Congressional TestimOny

Future of Space

 

The [Obama] outline was rejected but now it seems to be coming back in another form… she didn't "want to see another year pass" of NASA stumbling forward "without focus."

Senator Kay Hutchinson
March 15, 2011

 

Clearly, we're closing down the shuttle program and we walked away from Constellation but no one can tell us when we can have a replacement ready.

Senator Marco Rubio
March 15, 2011

NASA Heavy Lift Rocket

 

“The heavy lift vehicle is a necessary step, and probably the most important step, in getting beyond low Earth orbit to other destinations. There are many technologies that are needed for going beyond low Earth orbit to other destinations. Getting off the planet is the hardest part -- step one. And we have done extensive studies over the years to look at various alternatives. Certainly in space fueling can augment what you would do. But ultimately, you have to get fuel off the planet to go into outer space. And one of the biggest components of, say, a Mars mission is the fuel it takes to get there. So in space transportation, efficiencies are important, but we found that even when you sum up all the gains you can get in efficiencies that we know how to get to with technology, some of which we don't currently have in hand, it still may take six or seven heavy lift boosters to get all the hardware… We need our missions beyond Earth orbit, but I think we need to limit those to a time that the economy might dictate. I've heard it said at home that we don't want you guys going to the moon or to Mars or to some other mark out there, wherever, until we can go to the grocery store.”

Douglas R. Cooke
Associate Administrator for Exploration Systems Mission Directorate
House Committee on Science, Space and Technology
March 30, 2011

We appreciate NASA’s report and look forward to the additional material that was required but not submitted. In the meantime, the production of a heavy-lift rocket and capsule is not optional.

Senator Kay Hutchinson
March 14, 2011

We passed it, the president signed it into law, and now we want that law implemented.

Senator Bill Nelson
December 1, 2010

NASA Space Budget

 

“I read with interest a report that NASA provided saying that they would have difficulty meeting the congressional time schedule at current funding levels. And someone who you used to deal with cost estimations and probabilities associated with cost estimations, I think they were exactly correct. They cannot meet the schedule with sufficient confidence with the funding levels that they have. I think that's very straightforward. And this is not, I should say to be fair, not a new problem. Lack of funding from the administration and the previous administration in which I served also led to cost increases in the program. So, inefficient costing and funding schedules create overall costs to rise.
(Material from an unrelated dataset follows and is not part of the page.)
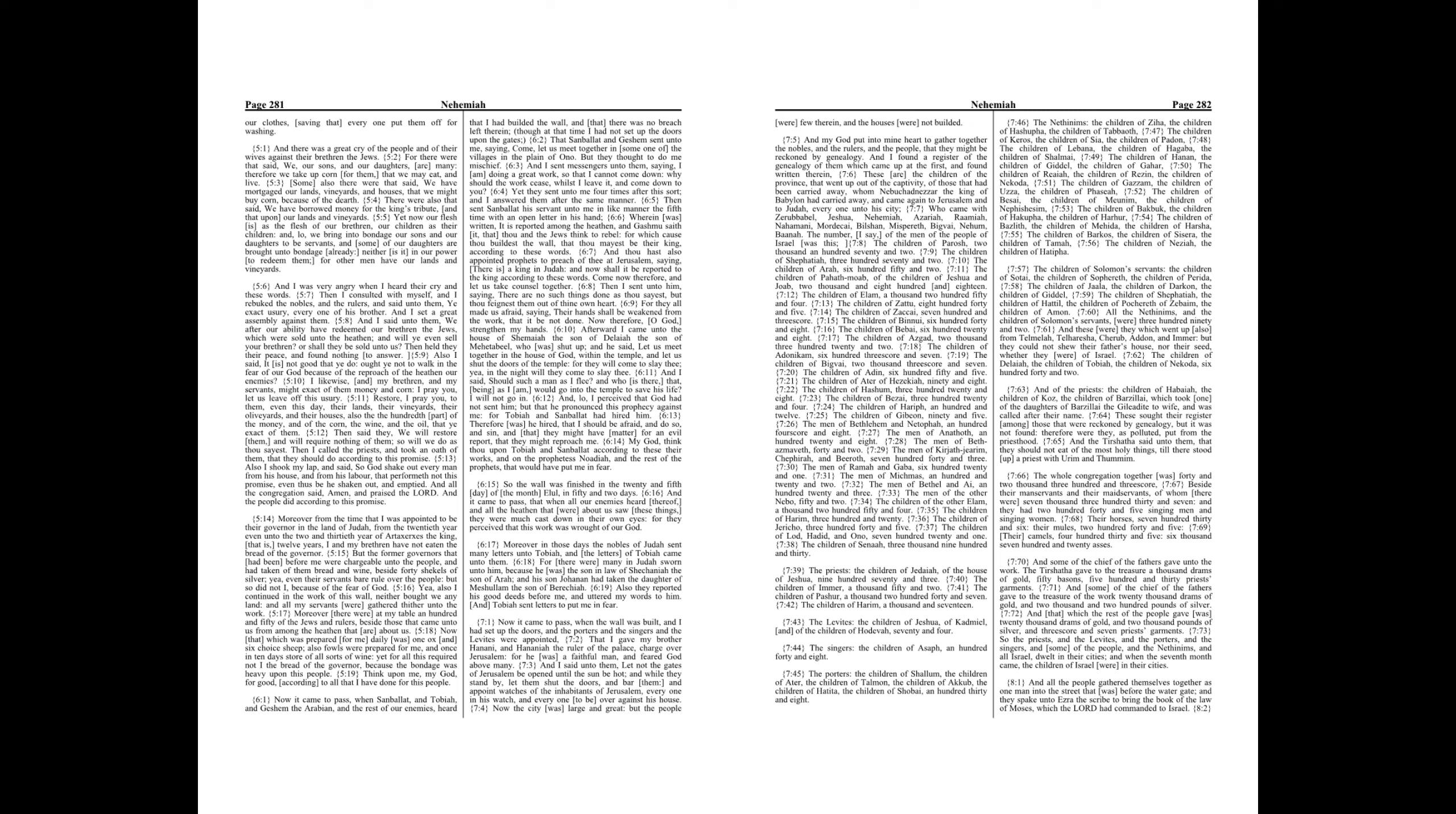The priests, the children of Jedaiah, of the house of Jeshua, 973. The children of Immer, 1,052. The children of Pashhur, 1,247. The children of Harim, 1,017. The Levites, the children of Jeshua, of Kadmiel, and of the children of Hodevah, 74. The singers, the children of Asaph, 148. The porters, the children of Shallum, the children of Ater, the children of Talmon, the children of Akkub, the children of Hatita, the children of Shobai, 138.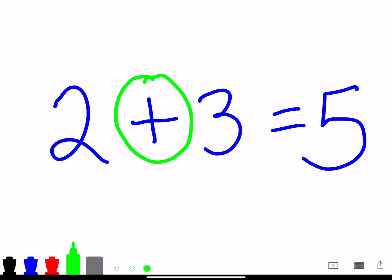Now if you go over to the right between the 3 and the 5, you see the equal sign. And the equal sign usually equals the answer to the problem you're trying to solve in this addition problem.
So I don't think that they're now and I think that if they continue to be underfunded, the overall cost of the nation if we continue on that path will be higher. So they need more funding now to make schedule and if they don't get it, you'll see costs go up.”

Scott Pace
Director of Space Policy Institute
House Committee on Science, Space and Technology
March 30, 2011

The president’s proposed NASA budget begins the death march for the future of US human spaceflight. If this budget is enacted, NASA will no longer be an agency of innovation and hard science.

Senator Richard C. Shelby
February 8, 2011

NASA Space Taxi

 

Obama's budget does not follow the bipartisan NASA law Congress passed late last year.

Senator Bill Nelson
February 14, 2011

He (Obama) may offer a budget of things he wishes to do, but he's bounded to follow the law.

Congressman John Cuberson
February 14, 2011

Bolden's plans don't change the fact that the president seems willing to hand off Americans dominance in human spaceflight to nations like Russia and China.

Congressman Pete Olson
April 9, 2010

NASA Rockets

 

I will continue to work with the Ohio Congressional delegation on a bipartisan basis to bring the shuttle to its most suitable home: the Air Force Musem at Wright-Patterson.

Senator Sherrod Brown
February 18, 2011

The agency is ‘Just wallowing’ and lawmakers have been concerned about the administration's hostility toward manned spaceflight.

Congressman Frank Wolf
February 14, 2011

NASA Constellation Program

 

The White House has given the perception that the manned space program has been killed, when, in fact it hasn't.

Senator Bill Nelson
February 17, 2010

While Congress considers the President’s Budget request, the Constellation program remains the law of the land and we have repeatedly affirmed that Constellation work should continue.

Senator Kay Hutchison
June 10, 2010

NASA Human Spaceflight Program

 

Senate passage of this comprehensive legislation is a critical milestone that will boost America’s human spaceflight program.

Senator Kay Hutchinson
August 6, 2010

I have no doubt that the president wants to have humans in space and keep American preeminence.

Senator Kay Hutchinson
July 15, 2010

This must not be an ‘either or’ proposition where we are forced to choose between continuing to fly the shuttle to service the station and maintain our independence in reaching space.

Senator Kay Hutchinson
March 4, 2010

We must close the gap in U.S. human space flight or face the reality that we will be totally dependent on Russia for access to space until the next generation of space vehicle is developed.

Senator Kay Hutchinson
March 4, 2010

NASA Authorization Act

 

“… while the NASA Authorization Act of 2010 legislates that a heavy lift launch vehicle and a multipurpose crew vehicle be built, Mr. Maser contends in his testimony -- I think it was page three -- quote, ‘what does not seem to be a consensus within the administration to build these systems.’ And it seems to me that the NASA Authorization Act is being ignored by the administration. If you agree, what do you think Congress should do about it? Perhaps short of holding the administration in contempt of Congress. But what else can we do to get the administration's attention and to get them to follow the law as Congress has passed it?”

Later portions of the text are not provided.